§ EXERCISE
In your copy, reproduce the entries exactly as they are, minus the images.

((

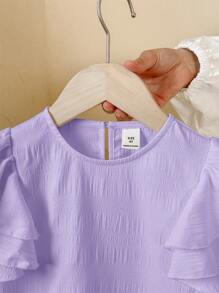 SHEIN LMoss Kids 年轻女孩时尚百搭平纹圆领休闲衬衫 - 紫色 - 查看 3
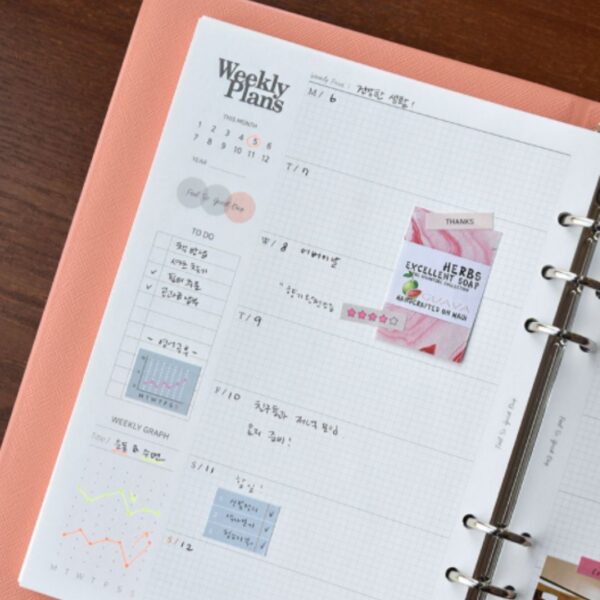 PLEPIC A5 6-ring Planner Refill (Monthly,Weekly) - Image 8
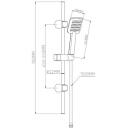 Ab Du&scaron;ikomplekt koos toruga 9145647, 70cm, 150cm, 9.6cm, 24.3cm, kroom, k&auml;eshoitav du&scaron;ipea, vertikaalne riba, seinakinnitus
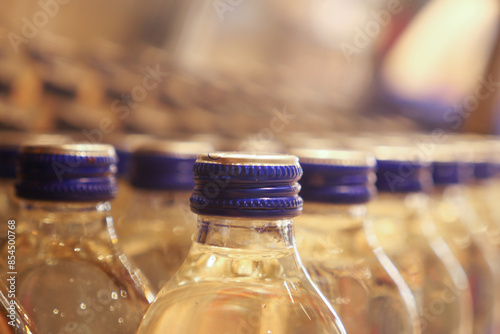 A row of bluecapped bottles is neatly arranged in an industrial factory for manufacturing purposes photo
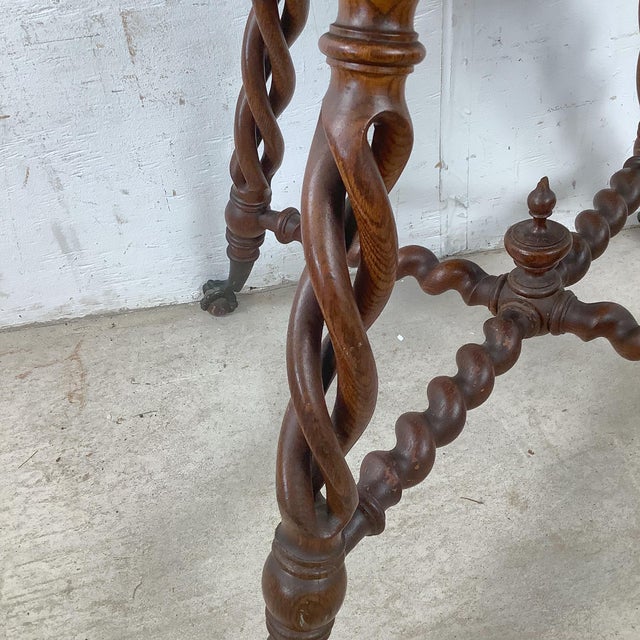 Brown Antique Wooden Accent Table With Ball-and-Claw Feet For Sale - Image 8 of 18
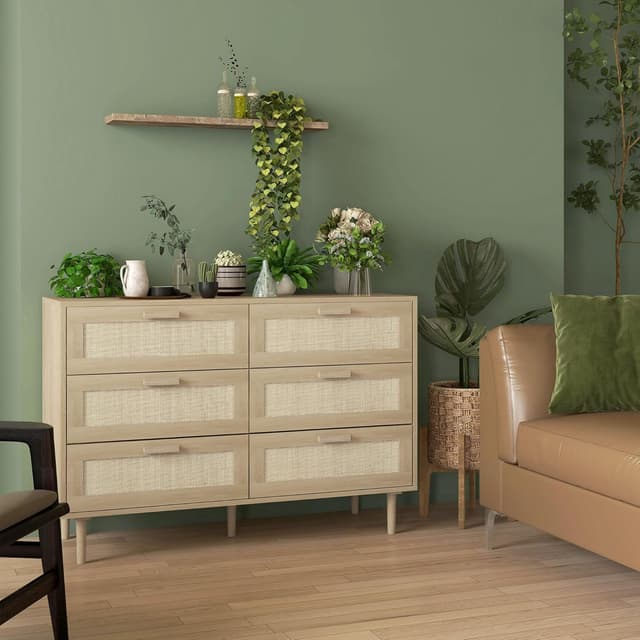 Detalle 2 de HOMCOM Commode 6 tiroirs rotin clair 110x40x75 cm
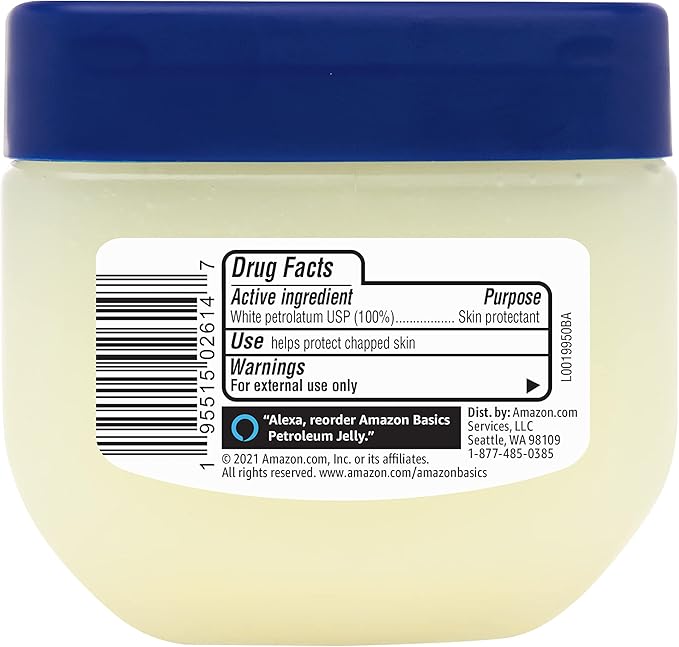 Amazon Basics Petroleum Jelly White Petrolatum Skin Protectant, Unscented, 7.5 oz, (Previously Solimo) (Pack of 2)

))

§ EXERCISE ANSWER
 SHEIN LMoss Kids 年轻女孩时尚百搭平纹圆领休闲衬衫 - 紫色 - 查看 3
 PLEPIC A5 6-ring Planner Refill (Monthly,Weekly) - Image 8
 Ab Du&scaron;ikomplekt koos toruga 9145647, 70cm, 150cm, 9.6cm, 24.3cm, kroom, k&auml;eshoitav du&scaron;ipea, vertikaalne riba, seinakinnitus
 A row of bluecapped bottles is neatly arranged in an industrial factory for manufacturing purposes photo
 Brown Antique Wooden Accent Table With Ball-and-Claw Feet For Sale - Image 8 of 18
 Detalle 2 de HOMCOM Commode 6 tiroirs rotin clair 110x40x75 cm
 Amazon Basics Petroleum Jelly White Petrolatum Skin Protectant, Unscented, 7.5 oz, (Previously Solimo) (Pack of 2)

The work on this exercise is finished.